A decade and a half after the end of apartheid, many South Africans feel that they have not benefited from economic growth of the past decade that has made many government and ANC officials rich.

Jacob Zuma, a popular figure among the poor who won the presidency thanks to the April vote, promised to speed up delivery of houses, clinics, schools, running water and electricity as well as create jobs. But he also has acknowledged the difficulties amid South Africa's first recession in nearly two decades.

"Without a shadow of a doubt the protests have got worse since the elections," said Udesh Pillay, head of the Center for Service Delivery at the Human Sciences Research Council. "This will escalate and it will escalate fast."

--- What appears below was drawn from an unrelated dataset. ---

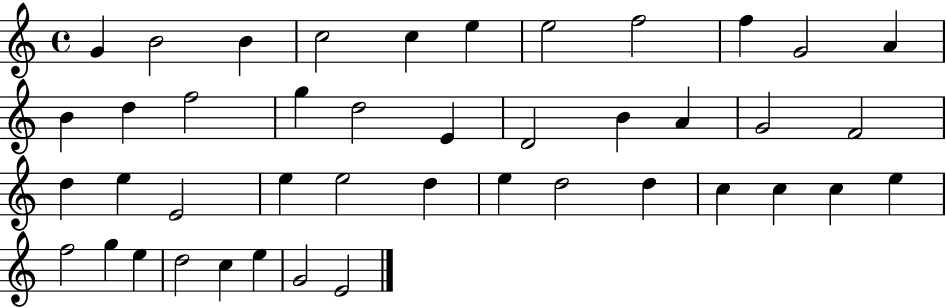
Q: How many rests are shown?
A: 0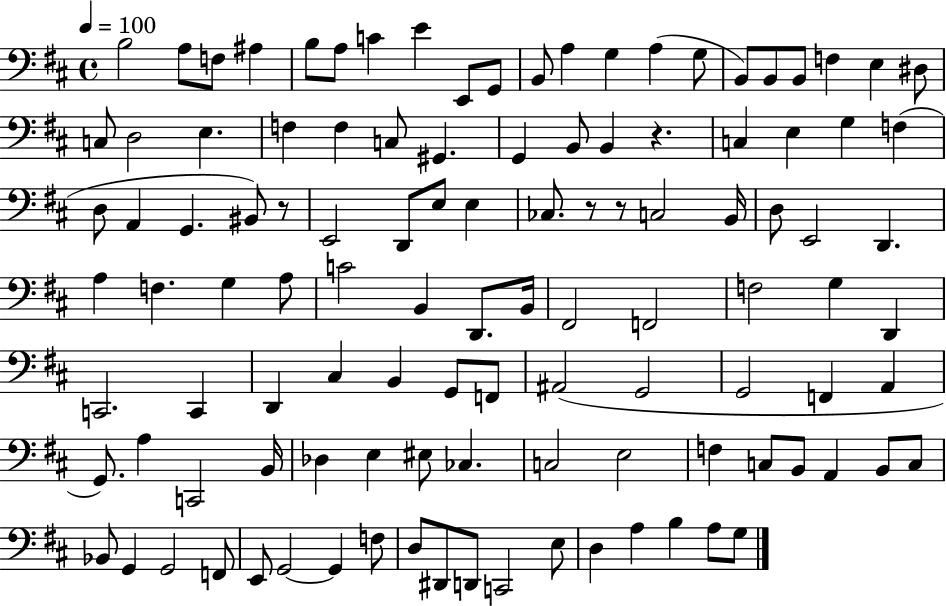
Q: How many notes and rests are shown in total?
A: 112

Zuma, who paid a surprise visit in August to a town that saw earlier protests, has been responsive to concerns and is still held in high regard, but people have grown increasingly "suspicious and less enthused" about other party representatives, Pillay said.

Municipalities have long been South African's weakest tier of government. Many local councils are financially unviable, mismanaged or riddled with corruption. They are also carry the greatest loads. Municipal managers are battling to overcome decades of apartheid planning that saw white suburbs well-serviced while black people lived in abysmal conditions on the edges of towns and cities.

'This is criminal'
The violence has also been blamed on politicking ahead of 2011 municipal elections. Others say it is the work of unlawful troublemakers.

"This has nothing to do with service delivery. This is criminal," said Chris Nkosi, a senior official from the district mayor's office, as he surveyed the gutted municipal offices in Siyathuthuka, one of the eastern South African townships hit by protests this week.

The building, its wooden beams turned to lumps of ash and its zinc ceiling twisted and peeling, was built in 1999. It housed a library, which had just received a new stock of books.

"If you are crying for services, how can you do this?" Nkosi said. "It makes no sense."